▶ **Records provided**:
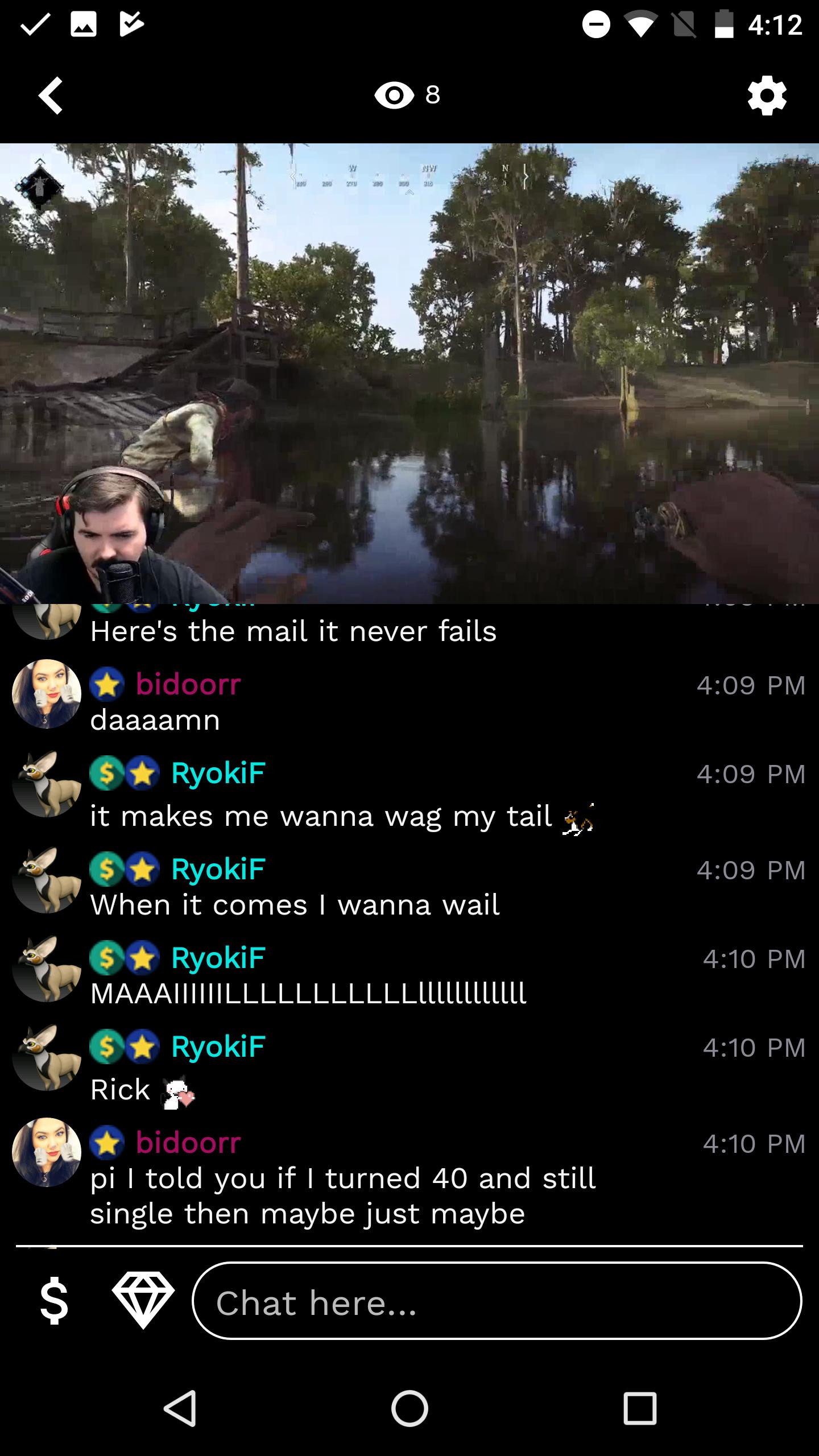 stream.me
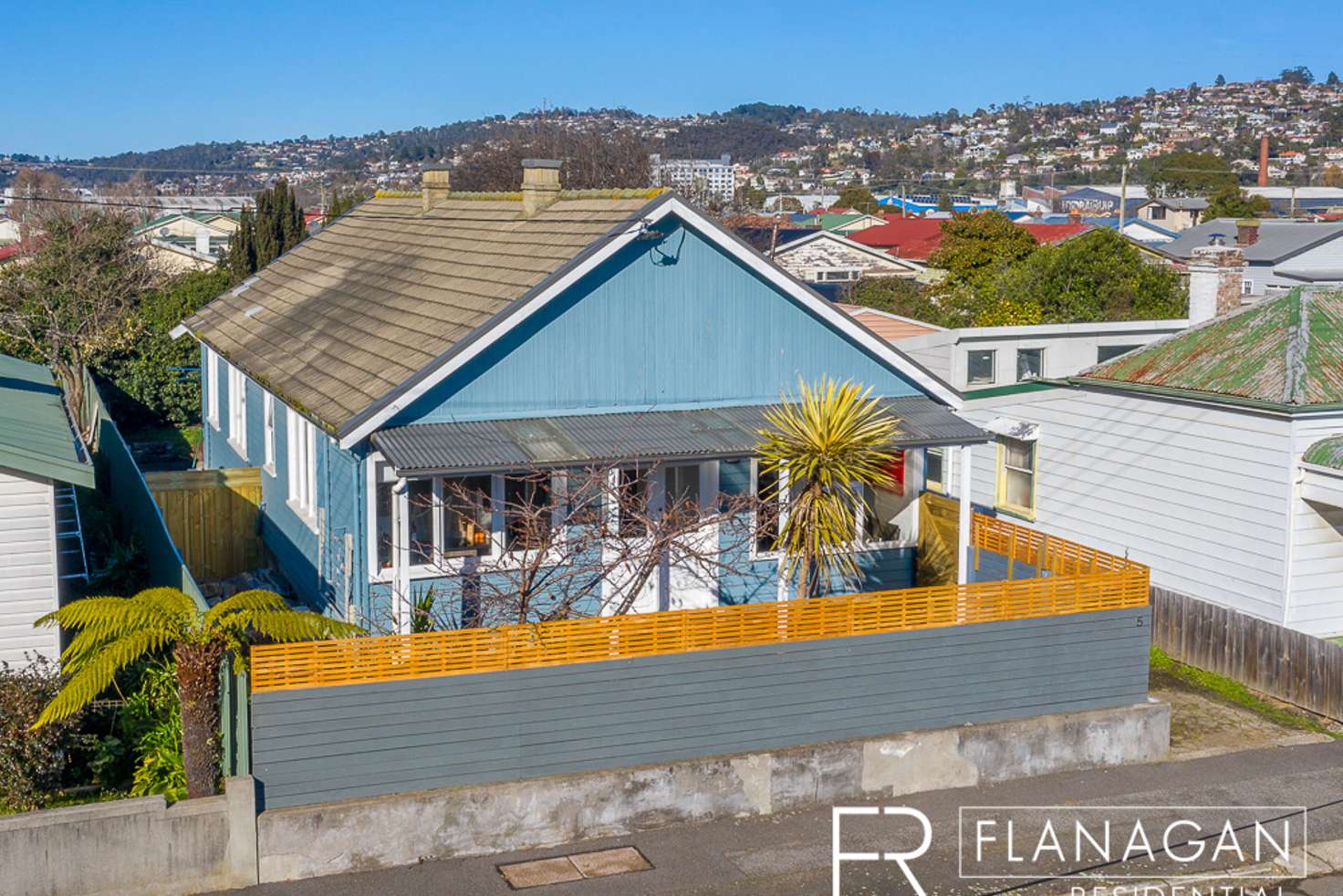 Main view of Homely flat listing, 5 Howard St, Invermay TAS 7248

---

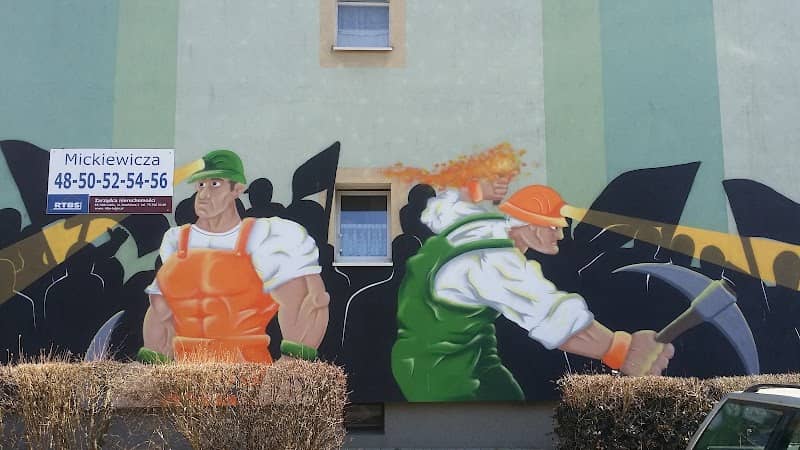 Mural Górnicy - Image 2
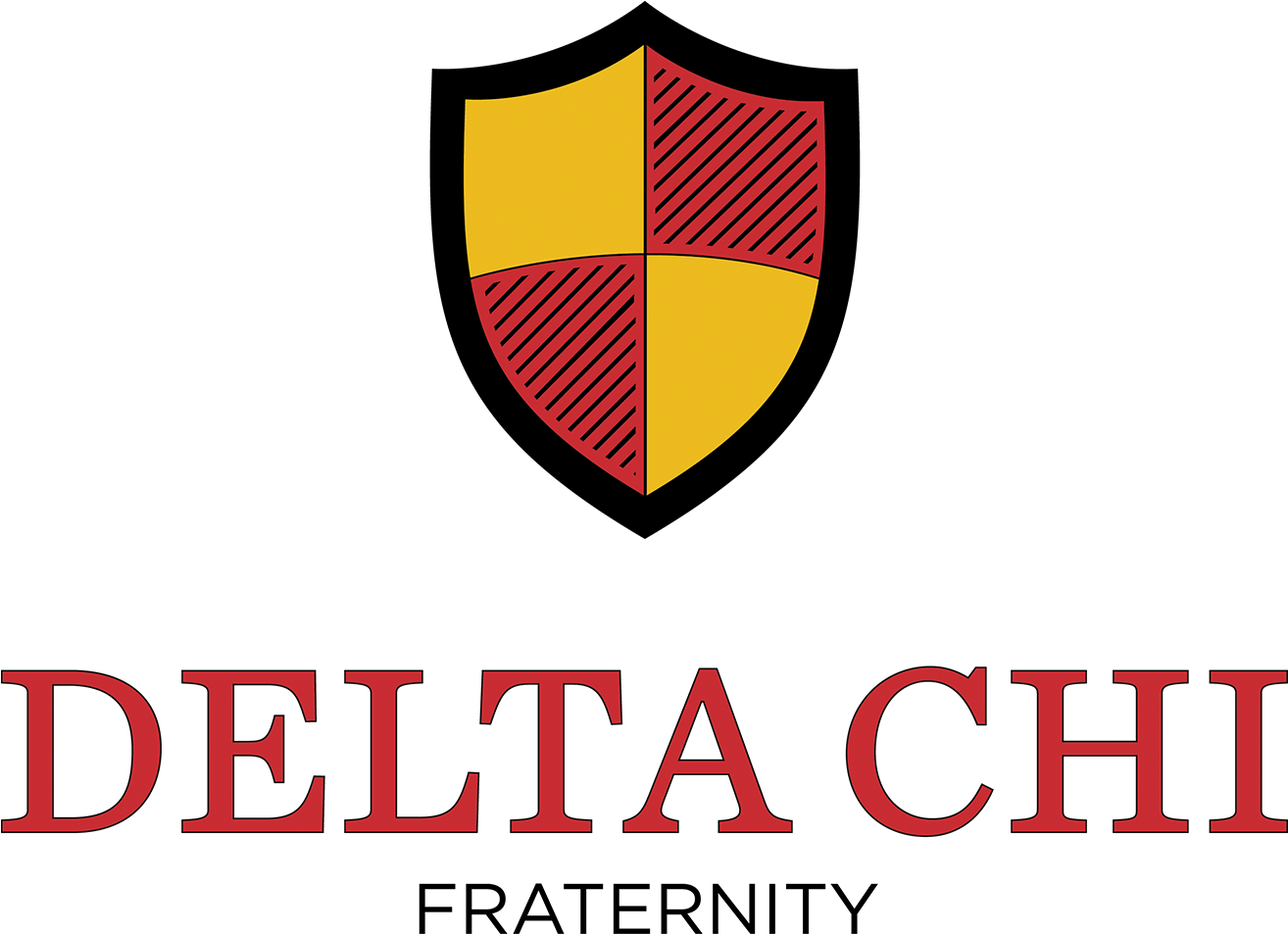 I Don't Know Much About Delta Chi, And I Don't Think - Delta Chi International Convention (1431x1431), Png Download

---

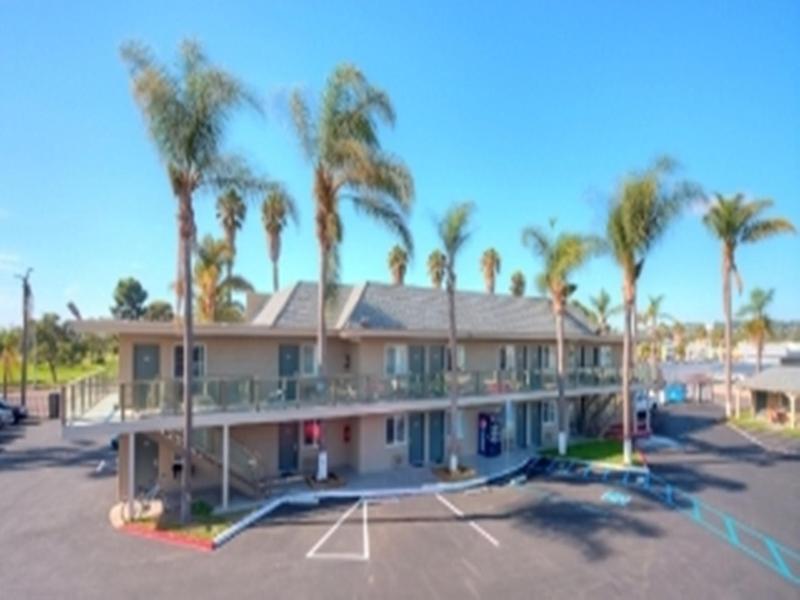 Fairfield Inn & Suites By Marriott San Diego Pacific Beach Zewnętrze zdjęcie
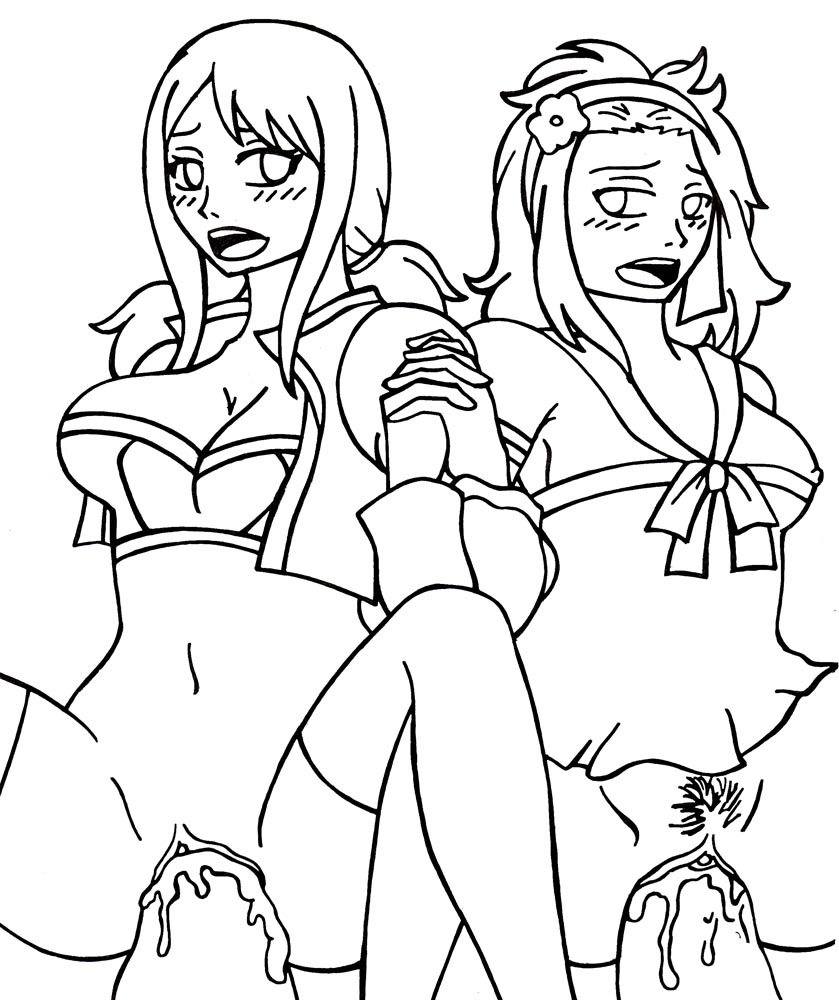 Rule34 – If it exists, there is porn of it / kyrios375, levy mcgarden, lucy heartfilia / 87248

▶ **Problem to solve**: Using the entries above, write out exactly the lines from the one with "Fairfield Inn &" through the one with "Rule34 – If", ends included. Leave out any pictures.

▶ **Written response**:
 Fairfield Inn & Suites By Marriott San Diego Pacific Beach Zewnętrze zdjęcie
 Rule34 – If it exists, there is porn of it / kyrios375, levy mcgarden, lucy heartfilia / 87248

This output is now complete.